Work required: Beginning with the first line of the data below, extract each line up to and including the one containing "mendefinisikan kolom dan". Copy them exactly and add nothing.

Scraped caption text data
......
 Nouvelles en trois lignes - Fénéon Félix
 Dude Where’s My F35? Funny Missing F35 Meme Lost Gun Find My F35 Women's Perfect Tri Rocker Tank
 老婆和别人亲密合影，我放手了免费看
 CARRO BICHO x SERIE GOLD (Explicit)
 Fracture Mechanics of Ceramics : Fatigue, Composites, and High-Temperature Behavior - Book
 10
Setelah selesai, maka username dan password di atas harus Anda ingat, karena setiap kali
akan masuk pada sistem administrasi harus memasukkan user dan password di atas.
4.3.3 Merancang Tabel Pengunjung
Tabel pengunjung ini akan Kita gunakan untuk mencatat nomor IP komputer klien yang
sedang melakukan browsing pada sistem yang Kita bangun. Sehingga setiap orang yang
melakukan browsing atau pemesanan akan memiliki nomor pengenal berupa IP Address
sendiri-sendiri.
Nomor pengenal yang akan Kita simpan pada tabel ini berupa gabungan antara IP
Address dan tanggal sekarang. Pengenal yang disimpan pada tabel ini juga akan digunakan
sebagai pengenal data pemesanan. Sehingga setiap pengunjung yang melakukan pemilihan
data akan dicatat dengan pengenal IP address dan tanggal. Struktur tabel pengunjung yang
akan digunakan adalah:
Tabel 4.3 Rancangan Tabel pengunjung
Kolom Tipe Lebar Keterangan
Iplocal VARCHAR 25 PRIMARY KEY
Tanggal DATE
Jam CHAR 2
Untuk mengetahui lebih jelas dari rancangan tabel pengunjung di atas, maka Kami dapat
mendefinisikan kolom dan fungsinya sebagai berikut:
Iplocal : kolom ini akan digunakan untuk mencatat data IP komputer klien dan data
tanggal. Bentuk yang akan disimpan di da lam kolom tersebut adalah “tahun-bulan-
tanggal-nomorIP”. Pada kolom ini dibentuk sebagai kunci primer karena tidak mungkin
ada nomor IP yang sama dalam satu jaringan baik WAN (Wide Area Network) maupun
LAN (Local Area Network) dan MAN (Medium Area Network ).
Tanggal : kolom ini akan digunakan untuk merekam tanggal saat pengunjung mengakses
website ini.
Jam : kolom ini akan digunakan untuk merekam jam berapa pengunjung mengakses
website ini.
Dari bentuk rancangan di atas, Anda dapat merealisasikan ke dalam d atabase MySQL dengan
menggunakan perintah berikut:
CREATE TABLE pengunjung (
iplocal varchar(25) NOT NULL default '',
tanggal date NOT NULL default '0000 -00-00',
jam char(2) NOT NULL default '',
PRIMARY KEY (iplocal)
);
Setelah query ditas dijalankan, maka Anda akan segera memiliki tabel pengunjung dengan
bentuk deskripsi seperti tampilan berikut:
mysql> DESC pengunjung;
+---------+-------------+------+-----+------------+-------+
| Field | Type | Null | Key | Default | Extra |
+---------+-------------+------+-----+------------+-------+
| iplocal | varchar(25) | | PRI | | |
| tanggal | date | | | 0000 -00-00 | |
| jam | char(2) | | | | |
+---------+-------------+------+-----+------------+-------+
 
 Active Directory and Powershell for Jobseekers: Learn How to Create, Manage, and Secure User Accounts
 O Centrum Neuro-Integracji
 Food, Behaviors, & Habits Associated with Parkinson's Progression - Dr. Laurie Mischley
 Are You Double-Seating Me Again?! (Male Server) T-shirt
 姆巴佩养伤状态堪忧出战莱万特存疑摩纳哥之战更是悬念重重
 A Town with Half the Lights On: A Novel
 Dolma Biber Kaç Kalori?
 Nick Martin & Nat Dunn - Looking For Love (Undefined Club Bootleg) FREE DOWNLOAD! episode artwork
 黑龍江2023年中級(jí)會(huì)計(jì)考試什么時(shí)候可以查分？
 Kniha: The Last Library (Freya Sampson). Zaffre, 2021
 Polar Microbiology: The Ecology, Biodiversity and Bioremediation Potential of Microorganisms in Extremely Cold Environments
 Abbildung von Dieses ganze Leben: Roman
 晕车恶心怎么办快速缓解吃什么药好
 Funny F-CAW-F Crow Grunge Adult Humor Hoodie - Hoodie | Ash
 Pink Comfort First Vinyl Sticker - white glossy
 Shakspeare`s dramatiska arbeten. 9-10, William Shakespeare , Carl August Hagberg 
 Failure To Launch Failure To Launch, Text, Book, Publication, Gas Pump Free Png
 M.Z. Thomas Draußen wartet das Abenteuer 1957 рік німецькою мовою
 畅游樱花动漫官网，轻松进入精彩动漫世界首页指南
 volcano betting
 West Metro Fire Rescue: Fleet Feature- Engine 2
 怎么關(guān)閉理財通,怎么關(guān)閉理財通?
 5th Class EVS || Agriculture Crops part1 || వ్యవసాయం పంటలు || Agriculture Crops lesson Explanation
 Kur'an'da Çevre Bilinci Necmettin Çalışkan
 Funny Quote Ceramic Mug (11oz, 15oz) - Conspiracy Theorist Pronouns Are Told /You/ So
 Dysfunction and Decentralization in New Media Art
......
Exercise solution:
 Nouvelles en trois lignes - Fénéon Félix
 Dude Where’s My F35? Funny Missing F35 Meme Lost Gun Find My F35 Women's Perfect Tri Rocker Tank
 老婆和别人亲密合影，我放手了免费看
 CARRO BICHO x SERIE GOLD (Explicit)
 Fracture Mechanics of Ceramics : Fatigue, Composites, and High-Temperature Behavior - Book
 10
Setelah selesai, maka username dan password di atas harus Anda ingat, karena setiap kali
akan masuk pada sistem administrasi harus memasukkan user dan password di atas.
4.3.3 Merancang Tabel Pengunjung
Tabel pengunjung ini akan Kita gunakan untuk mencatat nomor IP komputer klien yang
sedang melakukan browsing pada sistem yang Kita bangun. Sehingga setiap orang yang
melakukan browsing atau pemesanan akan memiliki nomor pengenal berupa IP Address
sendiri-sendiri.
Nomor pengenal yang akan Kita simpan pada tabel ini berupa gabungan antara IP
Address dan tanggal sekarang. Pengenal yang disimpan pada tabel ini juga akan digunakan
sebagai pengenal data pemesanan. Sehingga setiap pengunjung yang melakukan pemilihan
data akan dicatat dengan pengenal IP address dan tanggal. Struktur tabel pengunjung yang
akan digunakan adalah:
Tabel 4.3 Rancangan Tabel pengunjung
Kolom Tipe Lebar Keterangan
Iplocal VARCHAR 25 PRIMARY KEY
Tanggal DATE
Jam CHAR 2
Untuk mengetahui lebih jelas dari rancangan tabel pengunjung di atas, maka Kami dapat
mendefinisikan kolom dan fungsinya sebagai berikut:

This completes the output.